SAP customers onboarding is now also important. It is not only your employees or suppliers that need SAP onboarding. How, then, can you onboard your customers? Let us know below.
SAP Customers Onboarding: Why?
Why do you need to onboard customers in SAP? Firstly, your customers may also have their onsite systems and need to integrate them with your SAP. Secondly, you want to be able to track your customer data and all the interactions you have had with them, which is easier if it is all in one place.
Thirdly, because your customers may change over time – for instance, if they are a consortium of smaller companies that are all part of the same overall business – you need to be able to keep on top of this.
SAP Customers Onboarding: How?
How can you do SAP customers onboarding? It depends on your operating model and how you do business.
For instance, if your customers are using SAP invoicing only, you can use a single-instance approach (where the customer’s data is stored only once). If they use multiple applications, or if they are small enough to be onboarded manually (for instance, they pay in cash), then you might need a multi-instance approach.
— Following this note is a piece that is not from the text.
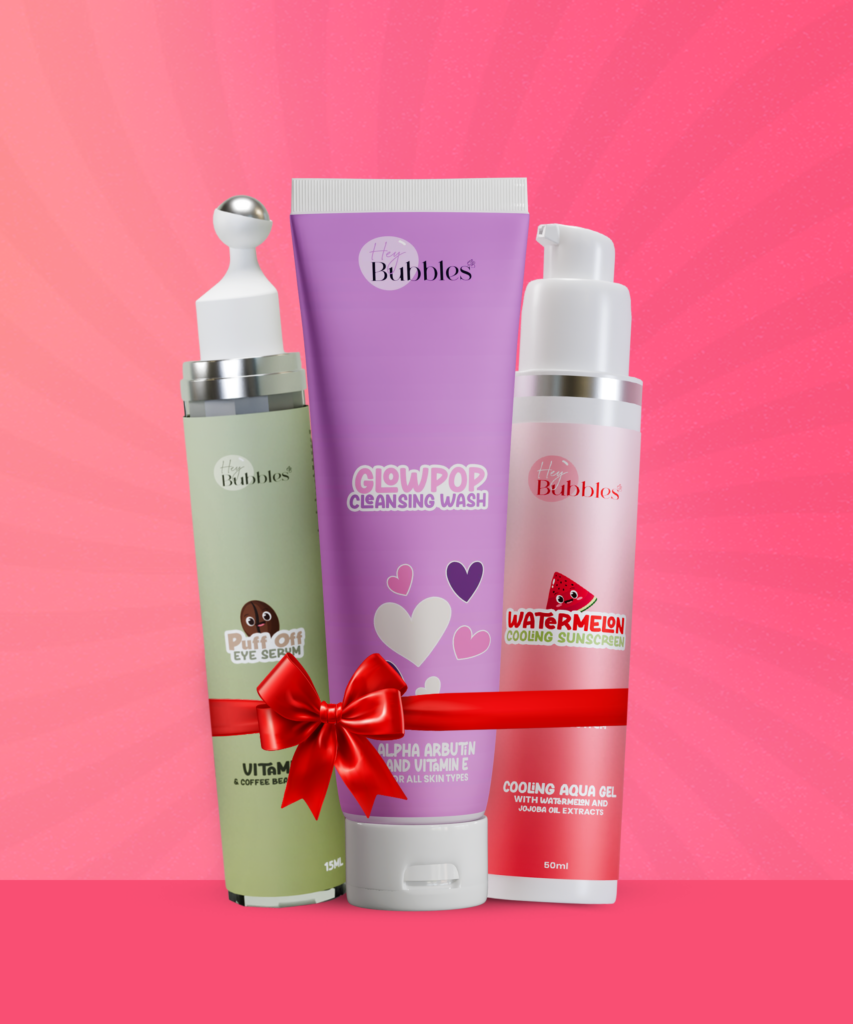 Bubble Glow Bundle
In general, there are three areas in which you will need to involve your customers:
1. Data migration. This is typically done as part of the implementation process. You need to make sure that any data input by your customer is correct and complete. Furthermore, since it is quite likely that the customer systems are older than yours, it is also likely that they will not have all the same fields. Then, you will need to come up with an agreed set of new fields for them to use where necessary. Perhaps using the same names as their old system had for these fields.
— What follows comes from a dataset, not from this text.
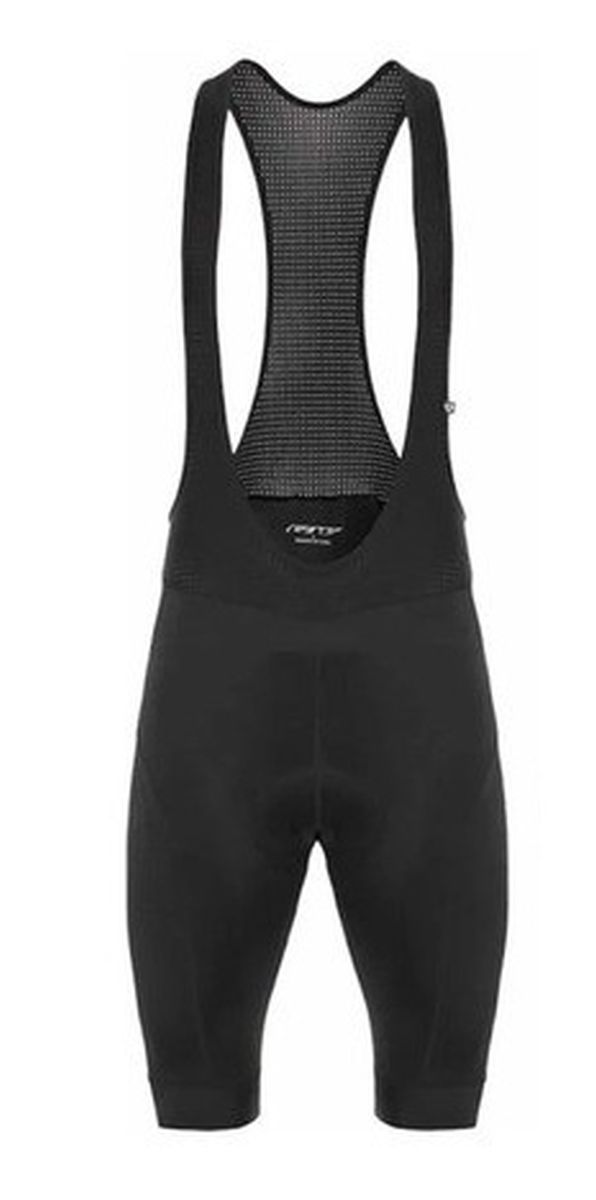 Pantalóneta Ciclismo C/T Hombre GW Raft Negro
2. Creating user accounts for your customers. Typically you will create one account per department or site belonging to your customer.
3. Customer self-service. How will your customers be able to access their information? Will they only be able to access certain parts of their data? What kind of security access will you give them?
4. Who will handle updates from the customer side? This depends on how much interaction there is between the two of you. Perhaps some people in each organization will take responsibility for updating their side of things when necessary.
5. How will updates be transmitted between organizations? This is a bigger issue if there are multiple instances involved. You may need a solution like EDI (electronic data interchange) or web services if there is no direct connection between your systems.
If then, your company is doing business with customers, you need to be able to onboard them as well as your SAP employees and suppliers. You also need to be able to manage their accounts, keep track of what they are doing, and make sure that you are being paid. In doing this, you can watch your business grow and mature, while at the same time keeping your customers happy.